ABOUT THIS EXERCISE => Print all the data below exactly, without images.

INFORMATION SUPPLIED =>
☆ ☆ ☆

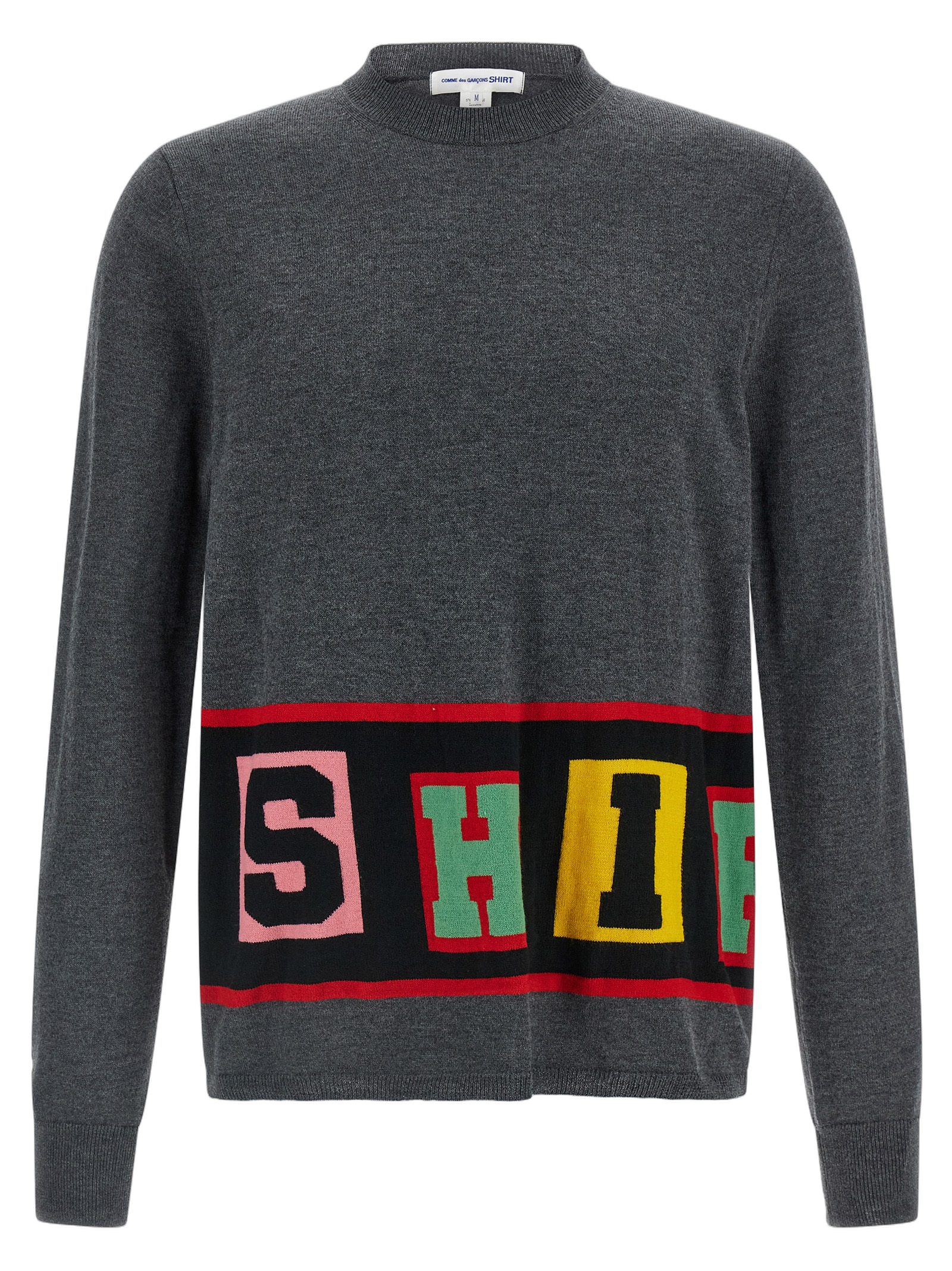 Intarsia Logo Sweater — Gray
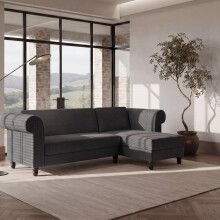 Ecksofa >Firenze II< in Grau, Samt-Cord - 241x83x154cm (BxHxT)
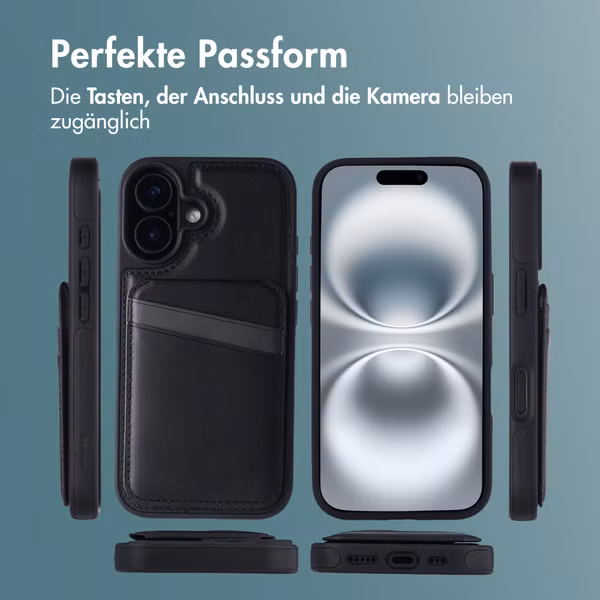 imoshion Backcover mit Kartenfach und Ständer Apple iPhone 16 - Schwarz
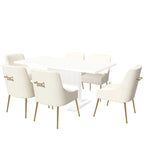 7-Piece Clihome High-gloss Extendable Table Velvet Chair Dining Set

☆ ☆ ☆

SOLUTION FOR THIS EXERCISE =>
 Intarsia Logo Sweater — Gray
 Ecksofa >Firenze II< in Grau, Samt-Cord - 241x83x154cm (BxHxT)
 imoshion Backcover mit Kartenfach und Ständer Apple iPhone 16 - Schwarz
 7-Piece Clihome High-gloss Extendable Table Velvet Chair Dining Set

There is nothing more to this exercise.